At first glance the overall tonal quality is grey, but subtle color is revealed through careful observation. In these works the objects are largely obscured by thick heavily worked painted surfaces. Elliott plays off the expressive handling of paint to concentrate on the autonomy of the each object and how they inform one another. His subject matter – plants, teapots, containers and whatever else happens to surround him in his studio – are all treated indiscriminately and are reduced to simple, basic props that allow Elliott’s concerns to lie more importantly in the atmospheric geometry of shape. The repetition and systematic variation of these objects in loose groupings allows the artist to investigate the diffusion of light that results in obfuscation and the illusionary nature of perspective in painting. Choosing instead to allow the paint to build up on the surface until the fore, middle and background have been compressed and merge together. His brushwork and tonal variation often intrude or blur where one thing begins and another ends, leading each element to become part of a greater whole. Elliott’s interest in the tradition of realist painting allows his practice to push beyond its conventions of representation and to hover between dissolution of form and the clarity of observation.
Eric Elliott won the 2009 Neddy Artist Fellowship in painting, a 2009 Arts Projects Award from 4 Culture, and was included in the 9th Northwest Biennial at the Tacoma Art Museum.
Eric Elliott is a Seattle artist working within the mediums of painting and drawing on both large and small scale.
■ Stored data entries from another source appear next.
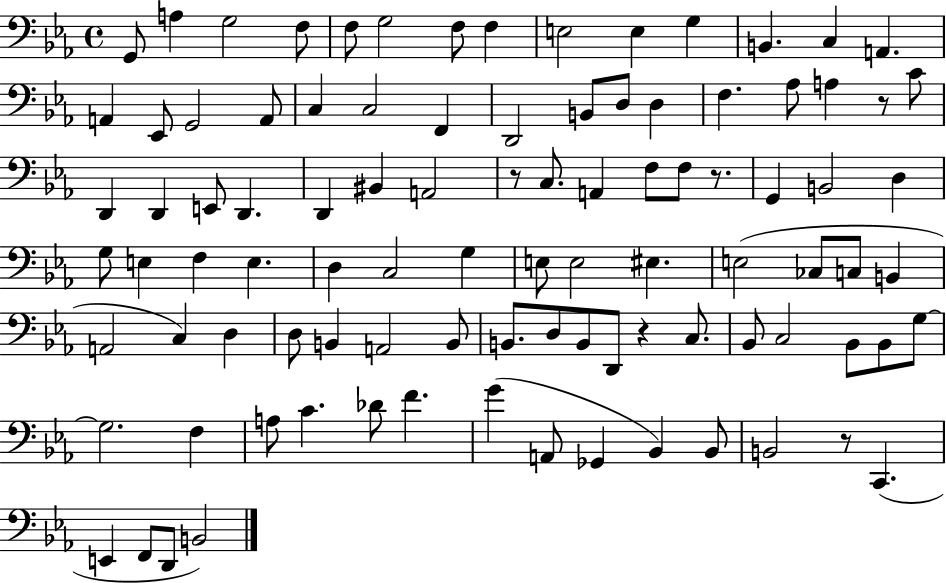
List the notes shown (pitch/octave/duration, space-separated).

G2/e A3/q G3/h F3/e F3/e G3/h F3/e F3/q E3/h E3/q G3/q B2/q. C3/q A2/q. A2/q Eb2/e G2/h A2/e C3/q C3/h F2/q D2/h B2/e D3/e D3/q F3/q. Ab3/e A3/q R/e C4/e D2/q D2/q E2/e D2/q. D2/q BIS2/q A2/h R/e C3/e. A2/q F3/e F3/e R/e. G2/q B2/h D3/q G3/e E3/q F3/q E3/q. D3/q C3/h G3/q E3/e E3/h EIS3/q. E3/h CES3/e C3/e B2/q A2/h C3/q D3/q D3/e B2/q A2/h B2/e B2/e. D3/e B2/e D2/e R/q C3/e. Bb2/e C3/h Bb2/e Bb2/e G3/e G3/h. F3/q A3/e C4/q. Db4/e F4/q. G4/q A2/e Gb2/q Bb2/q Bb2/e B2/h R/e C2/q. E2/q F2/e D2/e B2/h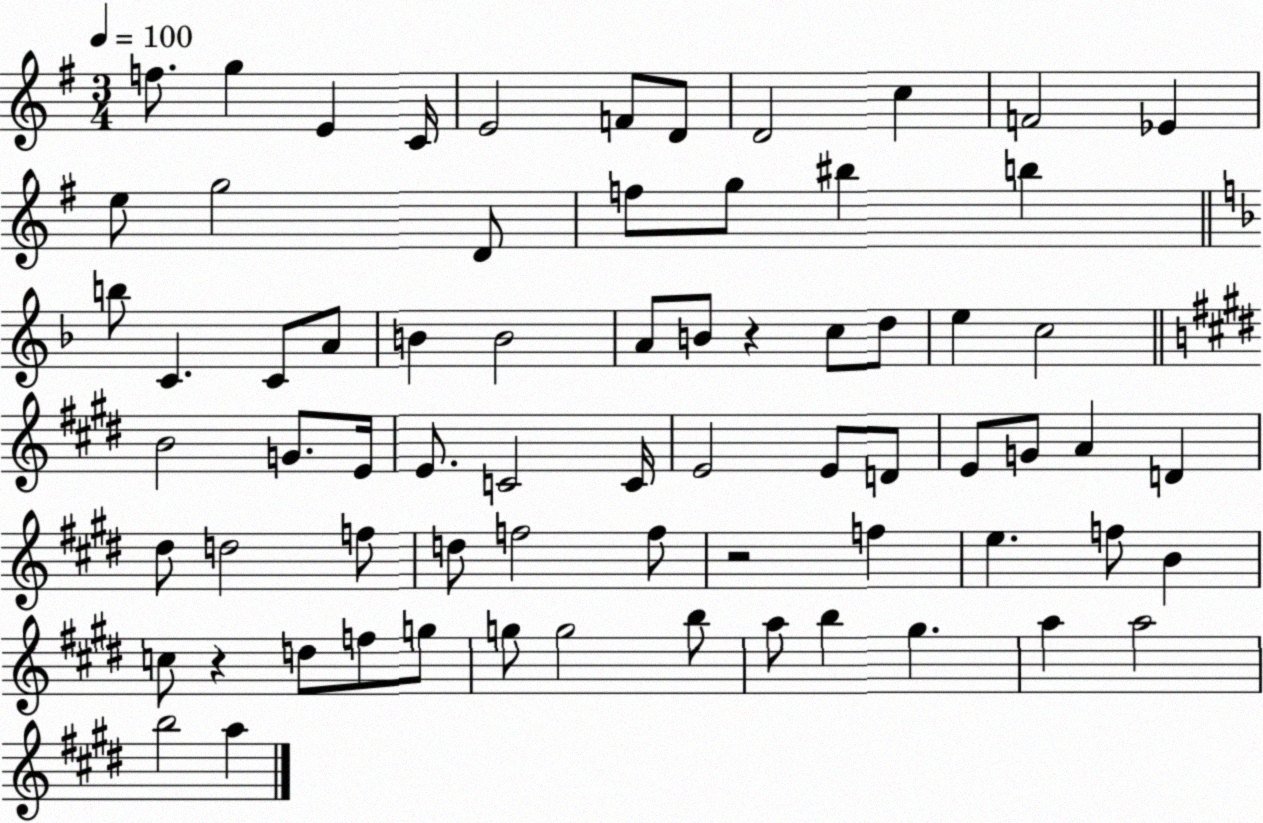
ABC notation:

X:1
T:Untitled
M:3/4
L:1/4
K:G
f/2 g E C/4 E2 F/2 D/2 D2 c F2 _E e/2 g2 D/2 f/2 g/2 ^b b b/2 C C/2 A/2 B B2 A/2 B/2 z c/2 d/2 e c2 B2 G/2 E/4 E/2 C2 C/4 E2 E/2 D/2 E/2 G/2 A D ^d/2 d2 f/2 d/2 f2 f/2 z2 f e f/2 B c/2 z d/2 f/2 g/2 g/2 g2 b/2 a/2 b ^g a a2 b2 a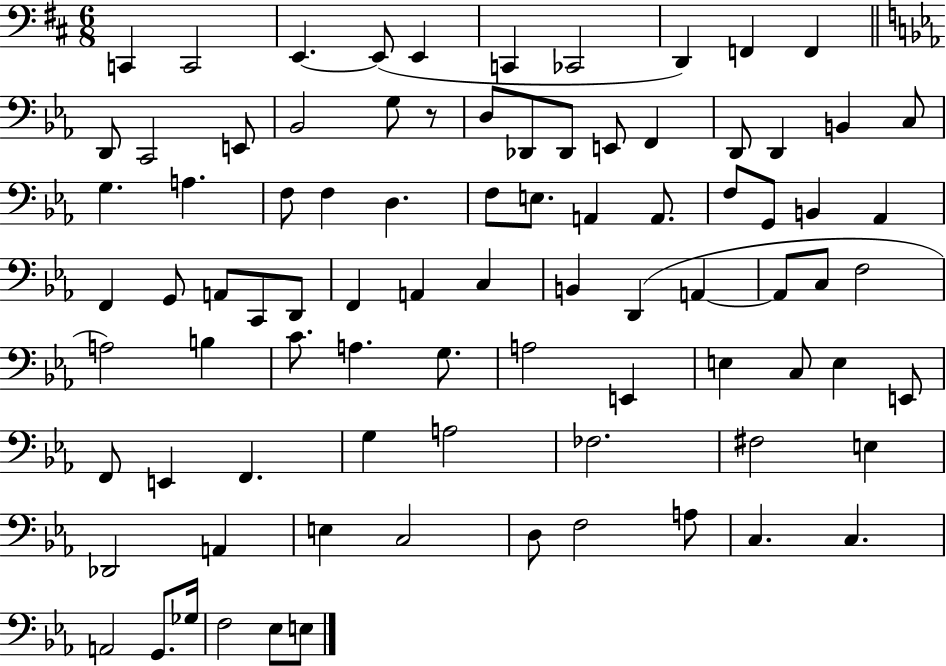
X:1
T:Untitled
M:6/8
L:1/4
K:D
C,, C,,2 E,, E,,/2 E,, C,, _C,,2 D,, F,, F,, D,,/2 C,,2 E,,/2 _B,,2 G,/2 z/2 D,/2 _D,,/2 _D,,/2 E,,/2 F,, D,,/2 D,, B,, C,/2 G, A, F,/2 F, D, F,/2 E,/2 A,, A,,/2 F,/2 G,,/2 B,, _A,, F,, G,,/2 A,,/2 C,,/2 D,,/2 F,, A,, C, B,, D,, A,, A,,/2 C,/2 F,2 A,2 B, C/2 A, G,/2 A,2 E,, E, C,/2 E, E,,/2 F,,/2 E,, F,, G, A,2 _F,2 ^F,2 E, _D,,2 A,, E, C,2 D,/2 F,2 A,/2 C, C, A,,2 G,,/2 _G,/4 F,2 _E,/2 E,/2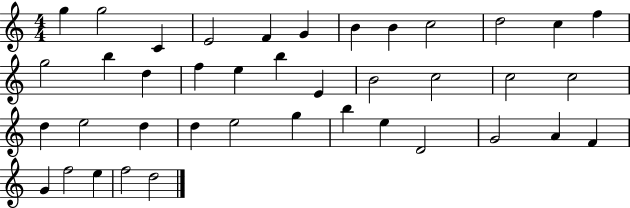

His works use light as an object and his paintings have an impasto effect that he uses as a kind of artistic filter in his work. Elliott focuses on recognizable subjects, many referencing the natural world and abstracts them through the use of this filter as well as his unique use of light and color. Elliott’s artistic process continues to develop as he continues to experiment with a variety of techniques and scales in his work.
Eric Elliott currently lives and works in Seattle, WA. He has had five solo exhibitions at James Harris Gallery, as well as displaying in a variety of group shows around the country. Currently Elliott is a professor at Colorado Mesa University.